Writing in my blog when I have nothing in mind can be a bit dangerous. Not in a literal sense, like texting and (fill in the blank of most activities, except sitting down). Just dangerous in the sense that I will wander through my thoughts and drag you poor people with me. For instance:
- I realized that I am finally used to, and enjoy, the cool, foggy summer mornings here. Notice that reads mornings, not all damn day.
- I noticed a ding in the front/side bumper of my new car yesterday. I didn't even realize that had happened. What's newsworthy about that? I didn't cry.

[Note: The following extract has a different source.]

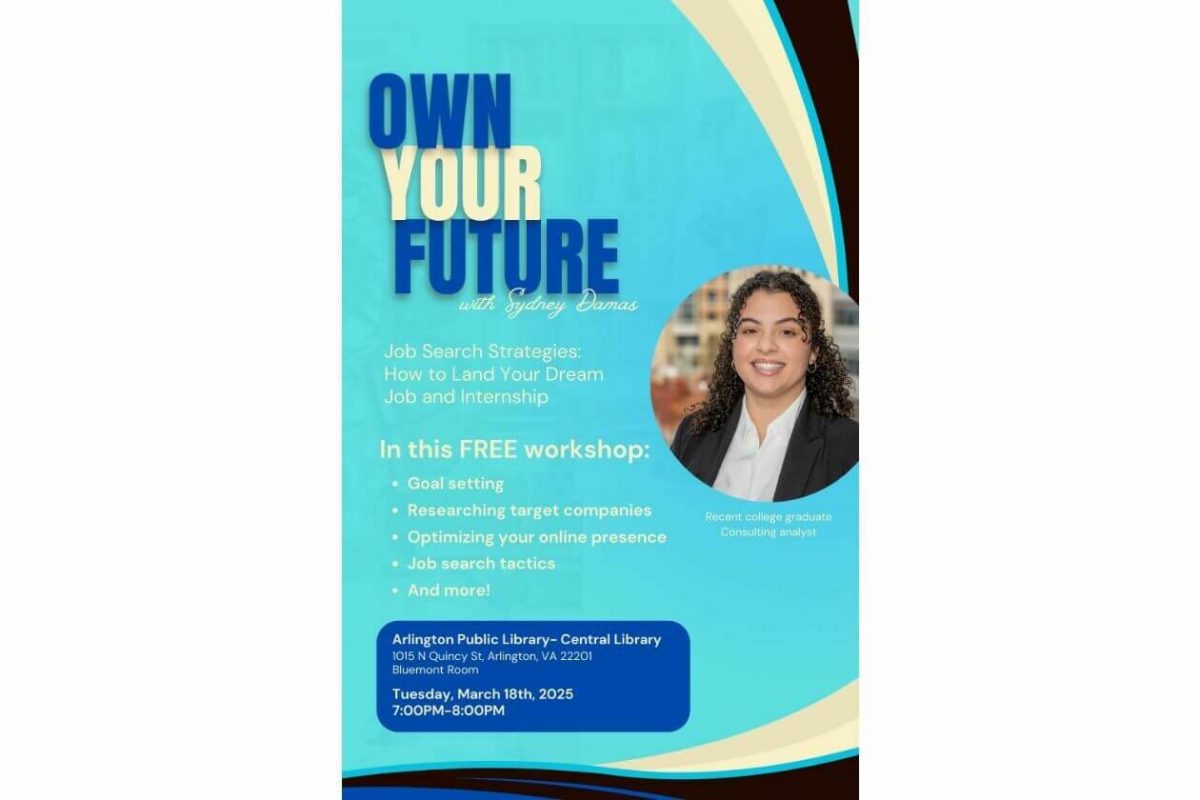 Own Your Future  Job Search Strategies Free Workshop [Video]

- I meant to give myself a good talking to (silently) that I wasted a perfectly good 3-day weekend. (No, we don't get Bastille Day off; I just felt like it.) Then I realized, I don't care that much.

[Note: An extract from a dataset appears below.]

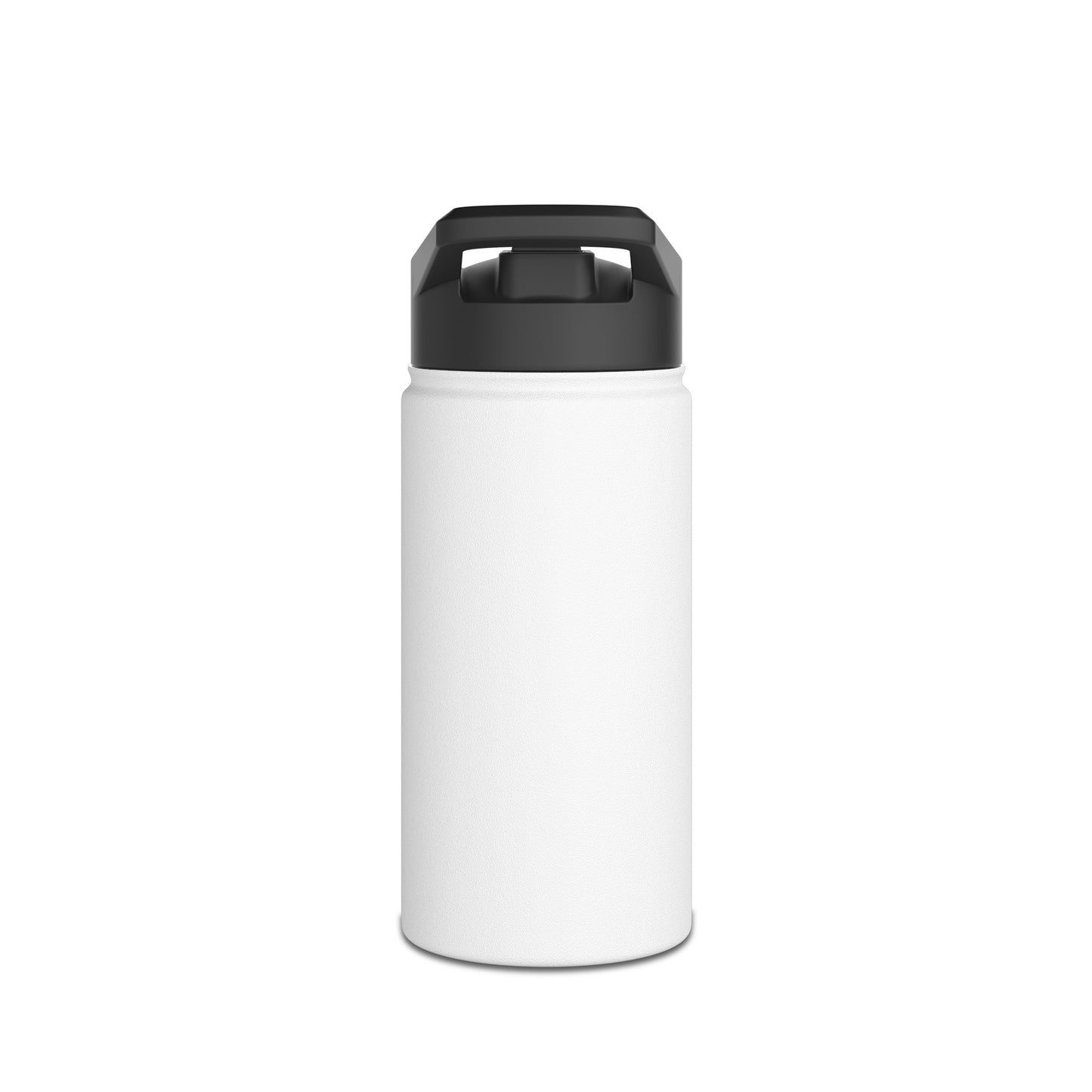 Global Link Travel Stainless Steel Water Bottle, Standard Lid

- I sometimes experience kairosclerosis but the memory of my 3-year-old self* at the amusement park forces me out of it. My story isn't exactly the same as kairosclerosis, that's really about anticipatory anxiety, but still. (Such a good argument to make when no one is around, "Yeah, but still.")
Perhaps tomorrow there will be more here to read. Tonight is writing group. Keep your expectations low though, kids.
*You've surely heard this one, right? I was riding a little kiddie ride at a park adjacent to the Sacramento Zoo. Just my mom and I were there and she waved at me and smiled as I went by. It was ride that went around and up and down a little and the "cars" were made to look like fish. A photograph of this scene exists in family albums.) They even made a swish-swish-swish sound. After the ride, my mom asked me, "How come you weren't smiling? Was the ride too scary?" "No," I said. "I was just thinking about how sad I'm going to be when we leave." Welcome to the hard-wiring in my brain.